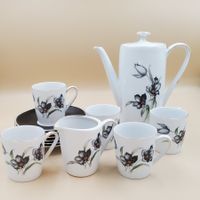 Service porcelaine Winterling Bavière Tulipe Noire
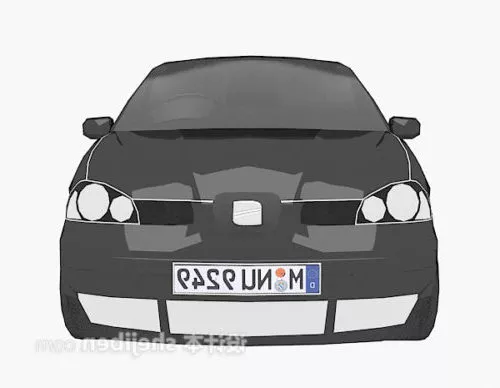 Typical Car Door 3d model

--

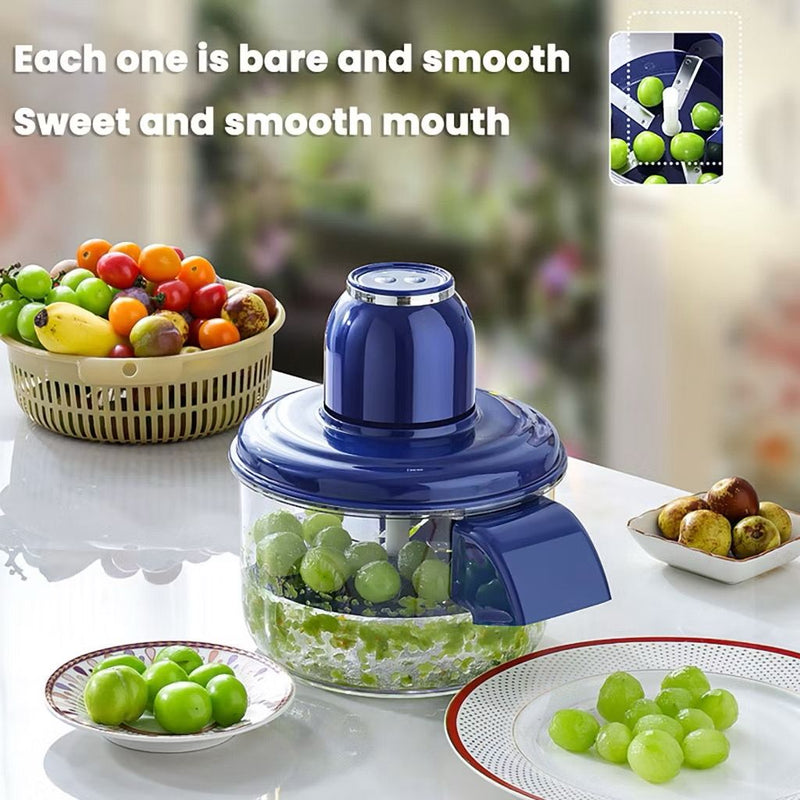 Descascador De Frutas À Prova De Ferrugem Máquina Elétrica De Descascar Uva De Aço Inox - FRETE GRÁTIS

◆ **What is required**:
From the records above, copy only the lines running from the line containing "Service porcelaine Winterling" to the line containing "Typical Car Door 3d model", both ends included. Leave the pictures out.

◆ **Written solution**:
 Service porcelaine Winterling Bavière Tulipe Noire
 Typical Car Door 3d model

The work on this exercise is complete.